COMP 3115 Exploratory Data Analysis and Visualization
Lecture 5: Basic Data Visualization Dr.
§ More about Matplotlib
§ Visualize Data Distribution – Histogram
Copyright By PowCoder代写 加微信 powcoder
– Quantile Plots
§ Scatterplot § Line Chart
Quantile Plots
Scatterplot
Line Chart
Visualization using Matplotlib
§ A popular plotting library in Python.
§ Provides a set of drawing APIs through the pyplot module, and hides the
complex structure composed of many drawing objects within this set of APIs.
§ To install (https://matplotlib.org/stable/users/installing/index.html):
§ Use Anaconda’s GUI
§ With Conda: conda install matplotlib
§ With PyPl (Python Package Index): pip install -U matplotlib
§ Reference:
§ Examples: https://matplotlib.org/gallery/index.html
§ User guide: https://matplotlib.org/tutorials/index.html
np.linspace(start, stop, num) returns a one-dimensional ndarray with num evenly spaced samples over the interval ‘[start, stop]’.
Styling Line Plot: Line Colors
Styling Line Plot: Line Style
Styling Line Plot: Axes limits
Styling Line Plot: Label
§ A figure can have many kinds of labels § – figure title: plt.title()
§ – axis labels: plt.xlabel(), plt.ylabel()
§ – legends: plt.legend()
Styling Line Plot: Simple Legend
More about scatter plots
More Symbols for Scatter Plots
Plot Bar Chart with plt.bar()
Plot Error Bars by plt.errorbar()
Plot Pie Chart with plot.pie()
Visualize Data Distribution
§ The ability to visualize the distribution shape in exploratory data analysis is important.
§ First, we can use it to summarize a data set to better understand general characteristics such as shape, spread, or location. In turn, this information can be used to suggest transformations or probabilistic models for the data.
§ Second, we can use these methods to check model assumptions, such as symmetry, normality, etc.
Histograms
§ A histogram is a way to graphically summarize or describe a data set by visually conveying its distribution using vertical bars.
Univariate Histograms
§ A frequency histogram is obtained by first creating a set of bins or intervals that cover the range of the data set.
– It is important that these bins do not overlap and that they have equal width.
§ We then count the number of observations that fall into each bin.
§ To visualize this information, we place a bar at each bin, where the height of the bar corresponds to the frequency.

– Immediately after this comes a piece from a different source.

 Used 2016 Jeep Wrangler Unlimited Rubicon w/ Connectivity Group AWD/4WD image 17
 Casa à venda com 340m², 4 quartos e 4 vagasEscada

Example of Frequency Histograms
§ Suppose we have the following values for temperature and we want to visualize the distribution using Frequency Histograms with 7 Bins
[64, 65, 68, 69, 70, 71, 72, 72, 75, 75, 80, 81, 83, 85]
§ Partition data into bins
– Compute the width w = (85-64)/7 = 3
[64, 65, 68, 69, 70, 71, 72, 72, 75, 75, 80, 81, 83, 85]
[64, 67) [67, 70) [70, 73) [73, 76) [76, 79) [79, 82) [82, 85]
Example of Frequency Histograms
§ Suppose we have the following values for temperature and we want to visualize the distribution using Frequency Histograms with 7 Bins
[64, 65, 68, 69, 70, 71, 72, 72, 75, 75, 80, 81, 83, 85]
§ Visualize the count information of each bin by bar – The height of the bar corresponds to the frequency
[64, 67) [67, 70) [70, 73) [73, 76) [76, 79) [79, 82) [82, 85]
Histogram in Python
Relative Frequency
Ø A relative frequency shows the proportion of cases that fall in each category. All the numbers in a relative frequency table sum to 1.
Don’t know
Don’t know
frequency table relative frequency table
Relative Frequency Histograms
§ Relative Frequency Histograms are obtained by mapping the height of the bin to the relative frequency of observations that fall into the bin.
– Frequency: number of observations that fall into each bin
– Relative Frequency: a fraction of observations that fall into each bin
ØFrequency divided by the total number of observations
the shape of the histograms is the same,
but the vertical axes represent different quantities.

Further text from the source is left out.